This section starts with a Project that already contains alignments:


In [1]:
from reprophylo import *
pj = unpickle_pj('./outputs/my_project.pkpj',
                 git=False)


DEBUG:Cloud:Log file (/home/amir/.picloud/cloud.log) opened

If we call the keys of the pj.alignments dictionary, we can see the names of the alignments it contains:


In [2]:
pj.alignments.keys()


Out[2]:
['28s@muscleDefault', 'MT-CO1@mafftLinsi', '18s@muscleDefault']

3.7.1 Configuring an alignment trimming process

Like the sequence alignment phase, alignment trimming has its own configuration class, the TrimalConf class. An object of this class will generate a command-line and the required input files for the program TrimAl, but will not execute the process (this is shown below).
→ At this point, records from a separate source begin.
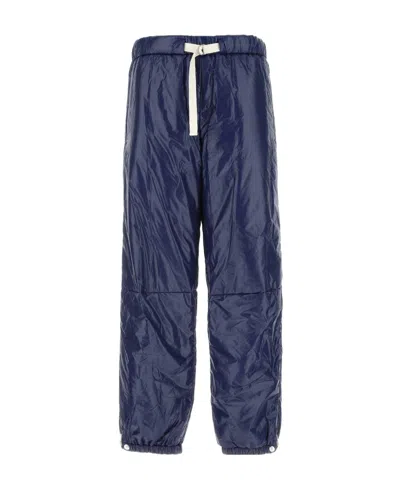 Jil Sander Elasticated Drawstring Waist Pants In Blue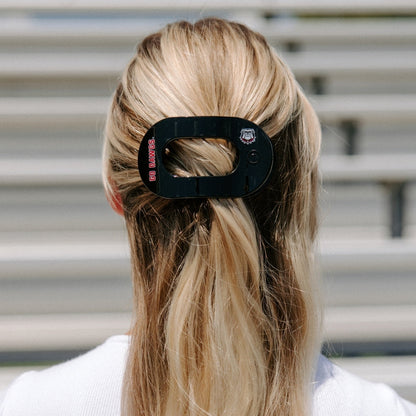 Go Dawgs!  Large Flat Round Hair Clip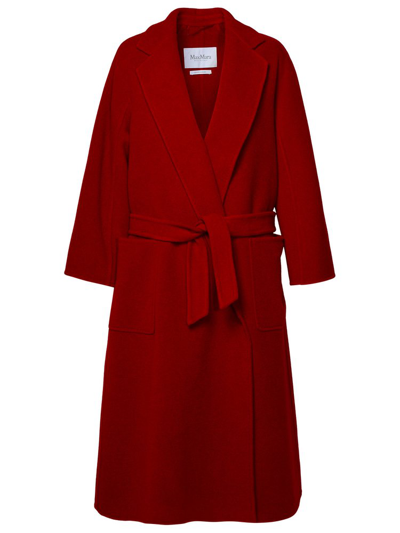 Shop Max Mara Belted Long In Red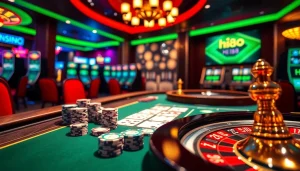 Engage with Hi88's professional gambling atmosphere, focusing on poker chips and casino tables.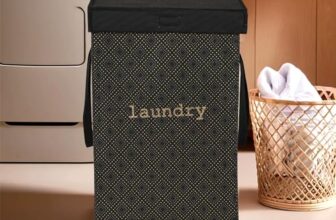 Kuber Industries Non Woven Clothes Basket (75 Ltr) Toy Storage Box | Foldable Laundry Bag | Lid & Handles | Clothes Dress Bin | Washing Cloth Basket | Golden Dot | Dhakkan Box | Black, 370 Mm, 530 Mm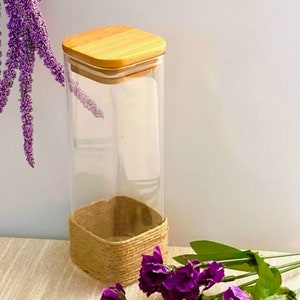 Glass Jar with Airtight Bamboo Lid,Rectangular Cube, Spices glass jar ,Glass Canister Tea Coffee Beans,Sugar Candy Nuts Spices jars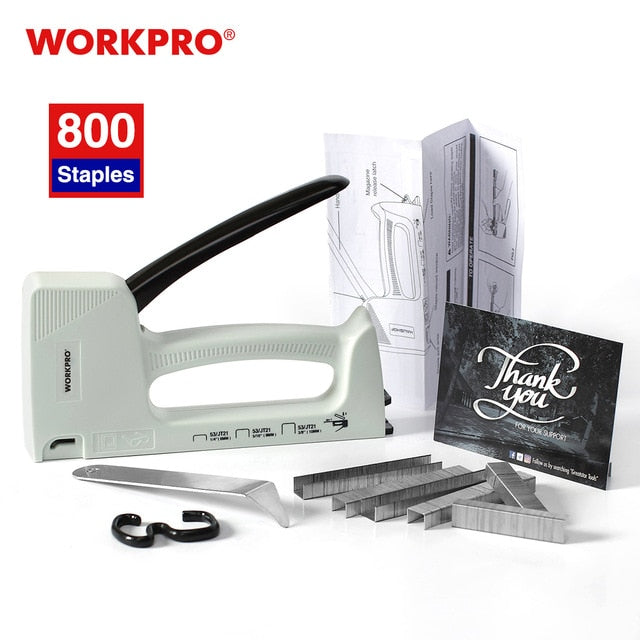 WORKPRO 3 IN 1 Heavy Duty Staple Gun for DIY Home Decoration Furniture Stapler Manual Nail Gun with 800 Staples Nailer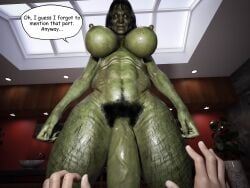 3d abs big_penis breasts daz_studio english_text futanari green_skin hairy hairy_legs hairy_penis imminent_oral looking_at_viewer misuzalha3d muscular nipples olga_(misuzalha3d) penis pubic_hair render self_upload speech_bubble sweaty taker_pov ugly_futa veiny_penis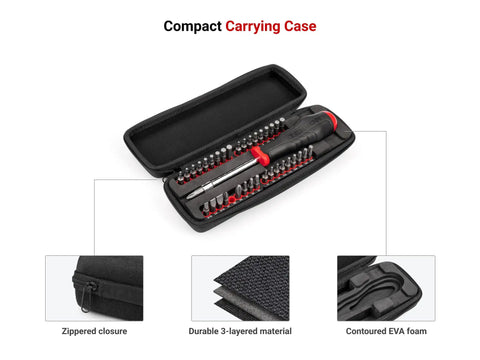 1/4 Inch Drive Bit Driver And 37-Piece Bit Set In Durable Case With Phillips, Slotted, Square, Hex, Fractional, And Metric, And Torx Bits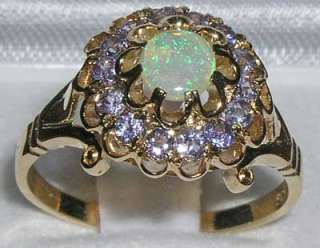 RARE SOLID YELLOW GOLD FIERY OPAL TANZANITE ESTATE RING  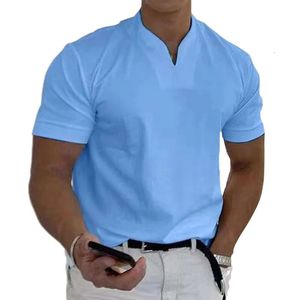 Tushangge mens polo t-shirts de manga curta com decote em v topos diários dos homens roupas de cor sólida camisas de golfe treino fitness esportes wear 240325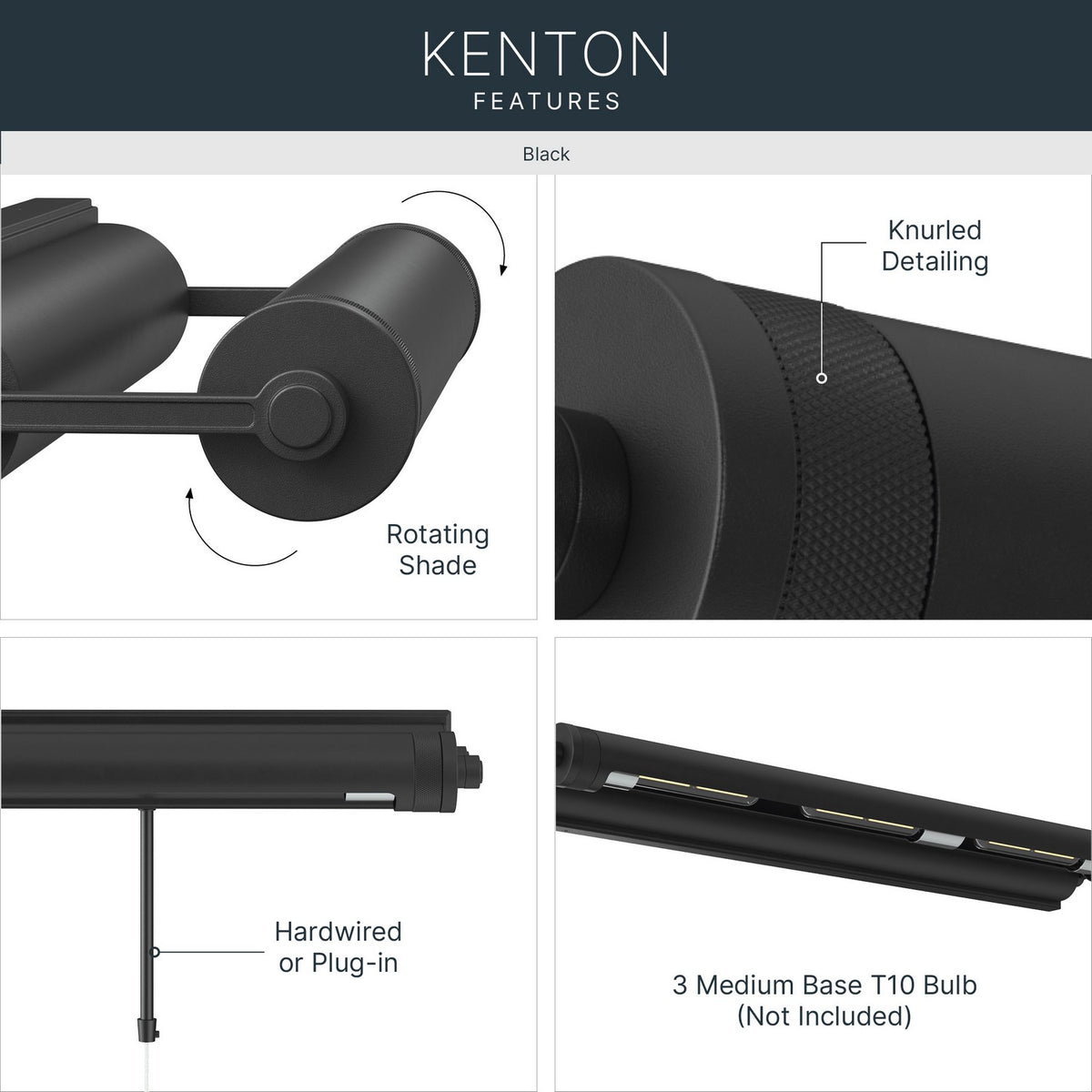 KICHLER 52816BK Kenton Three Light Picture Light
Once the process has been successfully executed, this TrimalConf object is also stored in pj.used_methods and it can be invoked as a report.

3.7.1.1 Example1, the default gappyput algorithm

With TrimalConf, instead of specifying loci names, we provide alignment names, as they appear in the keys of pj.alignments


In [3]:
gappyout = TrimalConf(pj,                                # The Project
                    
                      method_name='gappyout',            # Any unique string ('gappyout' is default)
                    
                      program_name='trimal',             # No alternatives in this ReproPhylo version
                    
                      cmd='default',                     # the default is trimal. Change it here
                                                         # or in pj.defaults['trimal']
                    
                      alns=['MT-CO1@mafftLinsi'],        # 'all' by default
                    
                      trimal_commands={'gappyout': True} # By default, the gappyout algorithm is used.
                      )


trimal -in 587711440759152.37_MT-CO1@mafftLinsi.fasta -gappyout

3.7.1.2 List comprehension to subset alignments

In this example, it is easy enough to copy and paste alignment names into a list and pass it to TrimalConf. But this is more difficult if we want to fish out a subset of alignments from a very large list of alignments. In such cases, Python's list comprehension is very useful. Below I show two uses of list comprehension, but the more you feel comfortable with this approach, the better.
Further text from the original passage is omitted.